-------- INFORMATION SUPPLIED
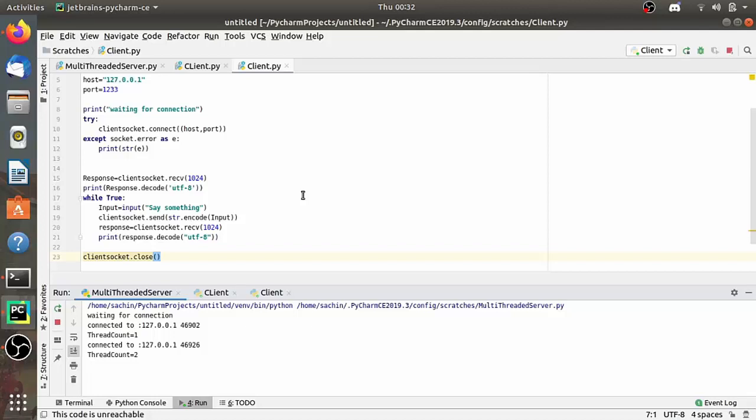So we have successfully designed the multi-threaded server as well as two clients. I hope you all enjoyed the lecture series of Python Socket Programming and are all able to understand this lecture. Thank you very much guys.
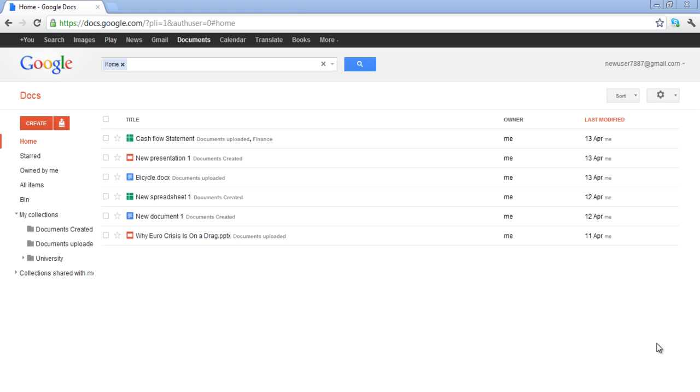In Google Docs, you can save your file in multiple formats. The format types include Open Document Text, Portable Document Format, Rich Text Format, Text, Word, and Hypertext Markup Language.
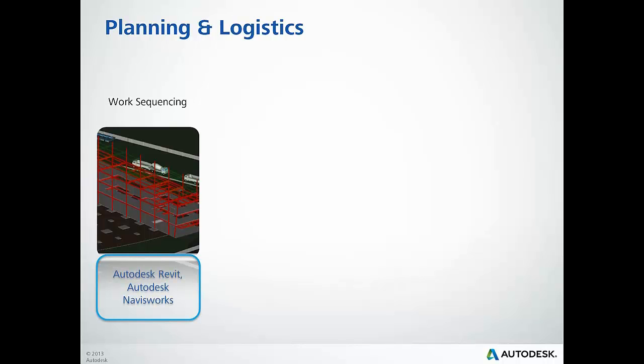We will begin by taking a closer look at the models we have pulled together up to this point and the information we can leverage to help us plan and execute our projects appropriately. We will explore the capabilities of the Autodesk Construction Solution, specifically Autodesk Revit and Navisworks, and prepare our models with views and selections to begin our sequencing process.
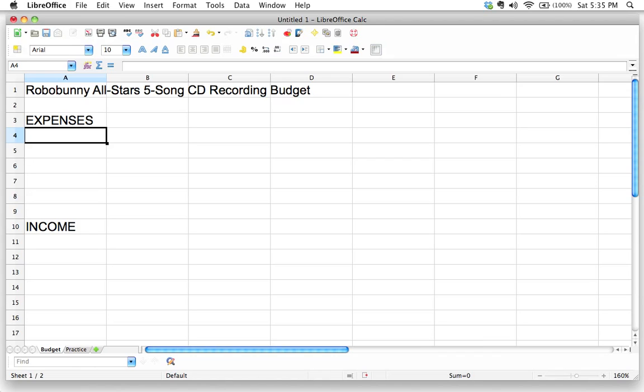Some of the budget items or some of the budget numbers that I put in here are going to be a little silly. And so please don't think that this is strictly speaking an accurate recording budget.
----------------
● **TASK DESCRIPTION**
Nothing but the lines from the beginning of the material above through the line containing "In Google Docs, you" should appear in the answer, copied exactly and free of pictures.

● **RESULT FOR THIS TASK**
So we have successfully designed the multi-threaded server as well as two clients. I hope you all enjoyed the lecture series of Python Socket Programming and are all able to understand this lecture. Thank you very much guys.
In Google Docs, you can save your file in multiple formats. The format types include Open Document Text, Portable Document Format, Rich Text Format, Text, Word, and Hypertext Markup Language.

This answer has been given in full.